— ASSIGNMENT —
Write out the records again exactly and exclude the pictures.

— SOURCE INFORMATION —

----

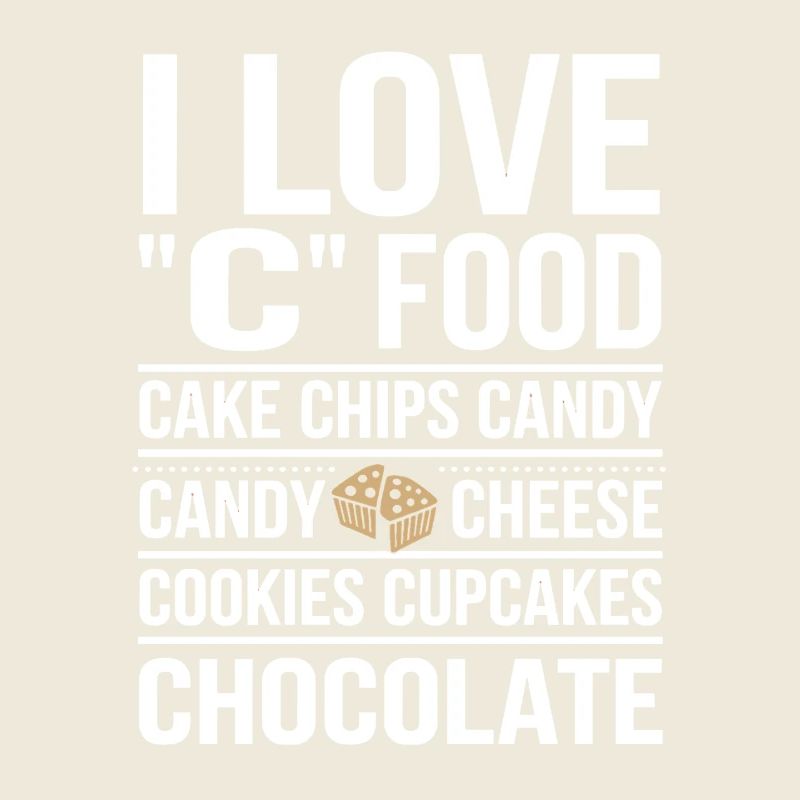 Ich Liebe C Essen: Kuchen, Chips, Süßigkeiten,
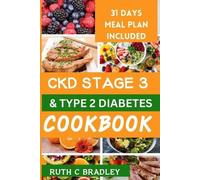 Ruth C Bradley Ckd Stage 3 and Type 2 Diabetes Cookbook (Tascabile)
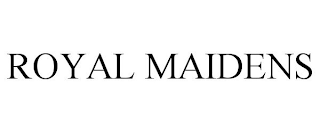 ROYAL MAIDENS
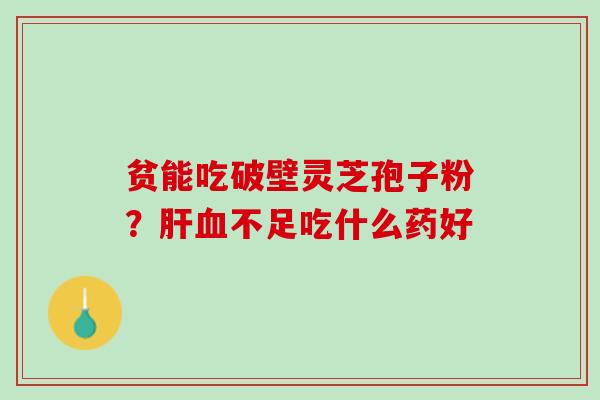 贫能吃破壁灵芝孢子粉？肝血不足吃什么药好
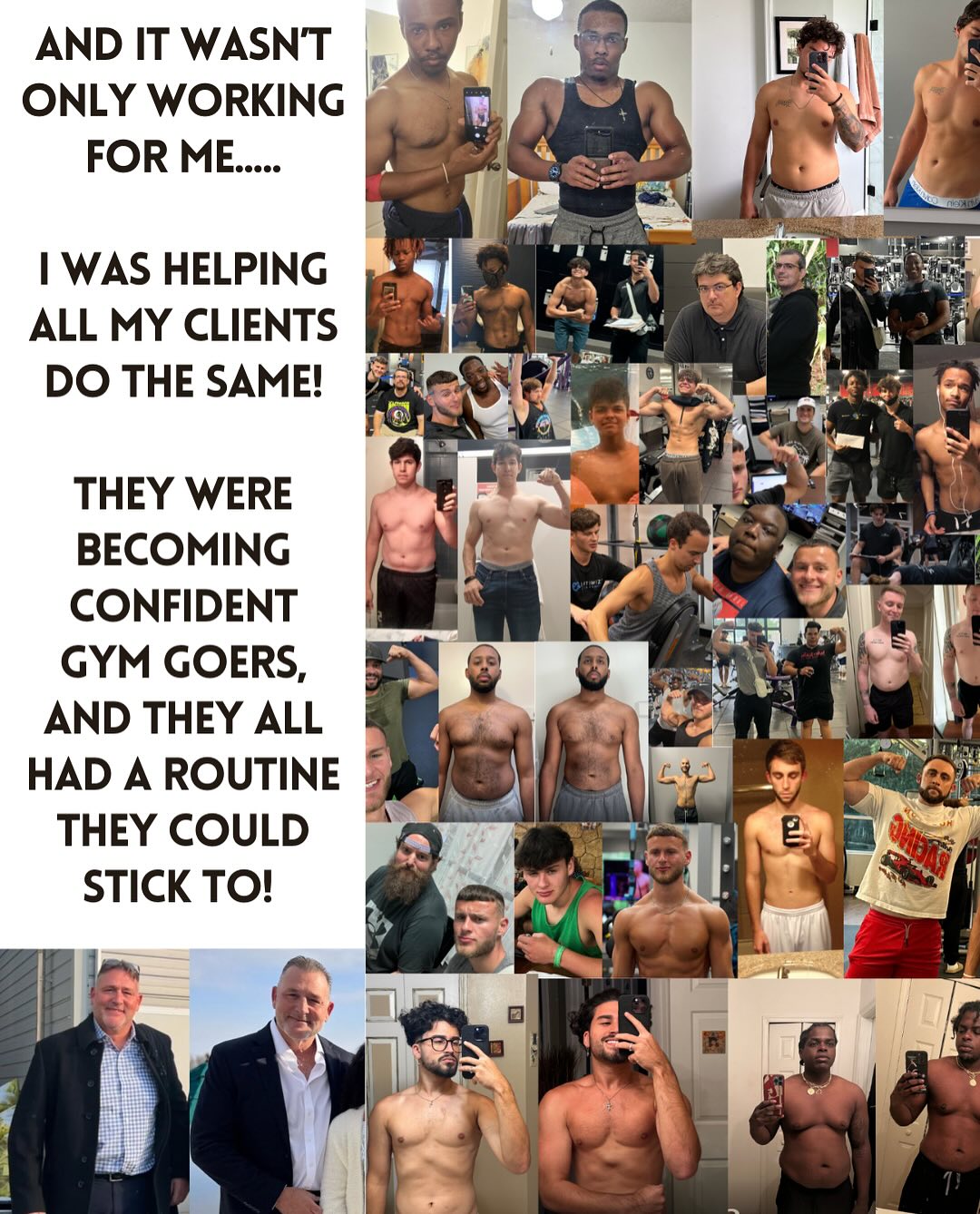 And it wasn't only working for me. I was helping all my clients become confident gym goers.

----

— WRITTEN SOLUTION —
 Ich Liebe C Essen: Kuchen, Chips, Süßigkeiten,
 Ruth C Bradley Ckd Stage 3 and Type 2 Diabetes Cookbook (Tascabile)
 ROYAL MAIDENS
 贫能吃破壁灵芝孢子粉？肝血不足吃什么药好
 And it wasn't only working for me. I was helping all my clients become confident gym goers.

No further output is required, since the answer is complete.